Invertible rational matrices with positive determinant decomposition I'm doing some exercises from Diamond and Shurman's 'A first course in modular forms' and I got stuck at exercise $1.2.11$, in particular, I cannot prove the following:
Show that every matrix in $GL_2^+(\mathbb{Q})$ (invertible matrices with rational entries and positive determinants) can be written in the following form
$$r\alpha\begin{pmatrix}a&b\\0&d\end{pmatrix},$$
where $r$ is a positive rational number, $\alpha$ is in $SL_2(\mathbb{Z})$ (invertible matrices with integer entries and determinant $1$) and $a,b,d\in\mathbb{Z}$ are relatively coprime. Especially the last part is what baffles me, as I don't know how to properly find such numbers for a general matrix. Any help/hint is greatly appreciated.

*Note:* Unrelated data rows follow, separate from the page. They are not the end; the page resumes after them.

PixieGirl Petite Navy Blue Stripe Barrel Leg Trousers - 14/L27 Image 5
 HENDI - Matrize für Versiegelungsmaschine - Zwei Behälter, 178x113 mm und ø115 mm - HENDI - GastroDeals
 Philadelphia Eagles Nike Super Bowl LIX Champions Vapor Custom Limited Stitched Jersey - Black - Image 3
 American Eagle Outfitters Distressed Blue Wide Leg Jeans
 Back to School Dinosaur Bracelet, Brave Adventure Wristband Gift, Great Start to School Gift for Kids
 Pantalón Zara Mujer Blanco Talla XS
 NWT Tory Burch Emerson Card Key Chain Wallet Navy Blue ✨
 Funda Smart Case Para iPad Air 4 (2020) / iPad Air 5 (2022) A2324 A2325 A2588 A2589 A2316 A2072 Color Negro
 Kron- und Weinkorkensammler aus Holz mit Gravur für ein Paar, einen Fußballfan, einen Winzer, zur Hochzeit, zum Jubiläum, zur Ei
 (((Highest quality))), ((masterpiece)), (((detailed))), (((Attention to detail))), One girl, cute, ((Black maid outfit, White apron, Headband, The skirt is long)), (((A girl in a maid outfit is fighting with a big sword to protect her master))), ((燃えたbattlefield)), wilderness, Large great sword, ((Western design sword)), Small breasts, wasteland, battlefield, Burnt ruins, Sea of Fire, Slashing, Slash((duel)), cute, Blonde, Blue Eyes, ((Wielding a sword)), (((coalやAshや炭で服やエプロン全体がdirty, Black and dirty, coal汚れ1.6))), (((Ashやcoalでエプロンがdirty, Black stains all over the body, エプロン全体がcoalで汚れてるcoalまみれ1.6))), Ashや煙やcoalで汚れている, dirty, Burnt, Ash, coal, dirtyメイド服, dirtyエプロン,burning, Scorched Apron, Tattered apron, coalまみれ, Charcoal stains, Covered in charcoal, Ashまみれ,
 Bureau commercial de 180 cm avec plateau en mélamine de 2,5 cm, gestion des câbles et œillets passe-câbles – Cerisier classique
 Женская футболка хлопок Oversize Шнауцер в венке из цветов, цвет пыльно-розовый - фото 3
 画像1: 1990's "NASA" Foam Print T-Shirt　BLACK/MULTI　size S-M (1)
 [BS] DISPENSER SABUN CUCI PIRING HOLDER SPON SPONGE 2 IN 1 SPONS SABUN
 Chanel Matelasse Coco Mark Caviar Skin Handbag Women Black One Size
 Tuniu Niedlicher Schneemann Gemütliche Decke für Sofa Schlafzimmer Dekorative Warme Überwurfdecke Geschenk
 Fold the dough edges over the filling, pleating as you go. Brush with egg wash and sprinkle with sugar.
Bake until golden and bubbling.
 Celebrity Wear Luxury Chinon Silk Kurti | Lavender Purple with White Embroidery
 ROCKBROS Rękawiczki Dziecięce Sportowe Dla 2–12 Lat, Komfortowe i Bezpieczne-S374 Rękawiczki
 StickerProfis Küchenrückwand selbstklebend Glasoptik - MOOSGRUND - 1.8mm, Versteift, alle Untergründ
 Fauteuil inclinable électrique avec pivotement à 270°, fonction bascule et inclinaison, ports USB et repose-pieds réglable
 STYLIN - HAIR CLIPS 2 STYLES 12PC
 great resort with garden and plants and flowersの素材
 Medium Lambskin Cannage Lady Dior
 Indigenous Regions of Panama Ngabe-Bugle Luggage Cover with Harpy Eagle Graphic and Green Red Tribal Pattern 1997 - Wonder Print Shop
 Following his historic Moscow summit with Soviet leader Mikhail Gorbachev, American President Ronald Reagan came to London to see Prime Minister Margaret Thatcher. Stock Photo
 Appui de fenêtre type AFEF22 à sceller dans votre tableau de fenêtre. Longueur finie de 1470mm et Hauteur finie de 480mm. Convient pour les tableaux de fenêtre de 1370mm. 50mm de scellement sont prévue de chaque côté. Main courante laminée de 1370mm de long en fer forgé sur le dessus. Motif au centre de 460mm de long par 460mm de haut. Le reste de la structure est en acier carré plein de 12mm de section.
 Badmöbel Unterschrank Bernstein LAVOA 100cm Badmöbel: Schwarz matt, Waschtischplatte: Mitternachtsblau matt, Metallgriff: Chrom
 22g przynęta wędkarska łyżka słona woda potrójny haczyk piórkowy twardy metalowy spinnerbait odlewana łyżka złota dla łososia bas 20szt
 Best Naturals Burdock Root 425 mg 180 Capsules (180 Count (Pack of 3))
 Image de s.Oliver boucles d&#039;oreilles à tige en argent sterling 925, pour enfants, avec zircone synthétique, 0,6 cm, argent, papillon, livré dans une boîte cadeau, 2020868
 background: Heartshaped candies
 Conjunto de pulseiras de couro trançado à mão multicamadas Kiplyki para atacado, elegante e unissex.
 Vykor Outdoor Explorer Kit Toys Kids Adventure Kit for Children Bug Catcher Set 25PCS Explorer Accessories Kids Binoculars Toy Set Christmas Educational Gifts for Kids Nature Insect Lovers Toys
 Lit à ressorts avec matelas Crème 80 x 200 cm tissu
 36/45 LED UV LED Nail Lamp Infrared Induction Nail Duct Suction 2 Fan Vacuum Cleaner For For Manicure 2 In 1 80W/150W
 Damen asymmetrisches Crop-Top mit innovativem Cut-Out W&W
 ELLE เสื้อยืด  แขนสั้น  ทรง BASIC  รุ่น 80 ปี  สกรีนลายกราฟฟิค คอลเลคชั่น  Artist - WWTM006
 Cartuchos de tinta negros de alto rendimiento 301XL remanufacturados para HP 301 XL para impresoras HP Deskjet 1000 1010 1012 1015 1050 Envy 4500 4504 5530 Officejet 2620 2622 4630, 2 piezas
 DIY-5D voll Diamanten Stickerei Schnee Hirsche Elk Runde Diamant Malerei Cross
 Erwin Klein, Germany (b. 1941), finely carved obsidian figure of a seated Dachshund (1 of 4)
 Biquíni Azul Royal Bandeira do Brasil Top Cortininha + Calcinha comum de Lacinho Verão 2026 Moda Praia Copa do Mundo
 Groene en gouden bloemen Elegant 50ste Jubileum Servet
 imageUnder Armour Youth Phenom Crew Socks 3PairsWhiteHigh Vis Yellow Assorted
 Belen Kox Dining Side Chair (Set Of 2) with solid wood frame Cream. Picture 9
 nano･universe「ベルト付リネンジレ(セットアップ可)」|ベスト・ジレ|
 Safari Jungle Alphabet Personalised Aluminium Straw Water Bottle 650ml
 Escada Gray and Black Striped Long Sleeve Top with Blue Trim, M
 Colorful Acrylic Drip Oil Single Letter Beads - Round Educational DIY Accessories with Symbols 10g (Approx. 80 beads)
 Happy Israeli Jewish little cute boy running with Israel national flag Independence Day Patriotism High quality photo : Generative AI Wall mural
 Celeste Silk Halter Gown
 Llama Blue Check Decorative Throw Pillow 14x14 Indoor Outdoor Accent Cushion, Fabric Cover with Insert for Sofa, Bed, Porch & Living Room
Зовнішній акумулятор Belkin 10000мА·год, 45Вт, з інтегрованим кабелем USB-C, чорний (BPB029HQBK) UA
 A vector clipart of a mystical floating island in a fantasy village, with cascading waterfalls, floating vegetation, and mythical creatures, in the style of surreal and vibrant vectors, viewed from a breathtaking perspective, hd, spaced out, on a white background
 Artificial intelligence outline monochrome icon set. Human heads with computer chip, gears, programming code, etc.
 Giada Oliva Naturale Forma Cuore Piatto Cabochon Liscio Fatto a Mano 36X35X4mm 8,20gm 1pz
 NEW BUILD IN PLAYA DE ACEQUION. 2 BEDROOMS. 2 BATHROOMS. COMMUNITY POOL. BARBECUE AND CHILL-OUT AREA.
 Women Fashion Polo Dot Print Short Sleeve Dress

 A: Let $M=\begin{pmatrix} m_{11} & m_{12} \\ m_{21} & m_{22} \end{pmatrix}$ be a matrix in $GL_2^{+}(\mathbb Q)$. We wish to show that $M$ can be decomposed as
$$
M=r\alpha t \tag{1}
$$
where $r\in{\mathbb Q}^{+}$, $\alpha\in SL_2(\mathbb Z)$ and $t\in T$ with
$$
T=\Bigg\lbrace \begin{pmatrix} a & b \\ 0 & d \end{pmatrix}
\ \Bigg| \  a,b,d \in \mathbb Z, gcd(a,b,d)=1 \Bigg\rbrace \tag{2}
$$
Since the (positive) common denominator of the coefficients of $M$ can be put inside $r$ in (1), we can assume without loss that all the $m_{ij}$'s are in $\mathbb Z$.
Then, let $g$ be the (positive) gcd of $m_{11}$ and $m_{21}$. By Bezout's identity, there are integers $u$ and $v$ such that $um_{11}+vm_{21}=g$. Next, introduce the matrix
$$
\beta=\begin{pmatrix} v & u \\ -\frac{m_{11}}{g} & \frac{m_{21}}{g} \end{pmatrix} \in SL_2(\mathbb Z) \tag{3}
$$
Then, by construction, the lower-left coefficient of $\beta M$ is zero :
$$
\beta M = \begin{pmatrix} a' & b' \\ 0 & d' \end{pmatrix} \tag{4}
$$
Next, let $h$ be the (positive) gcd of $a',b'$ and $d'$. If we put
$$
r=h, \ \alpha=\beta^{-1}, t = \begin{pmatrix} \frac{a'}{h} & \frac{b'}{h} \\ 0 & \frac{d'}{h} \end{pmatrix} \tag{5}
$$
we see that (1) is satisfied.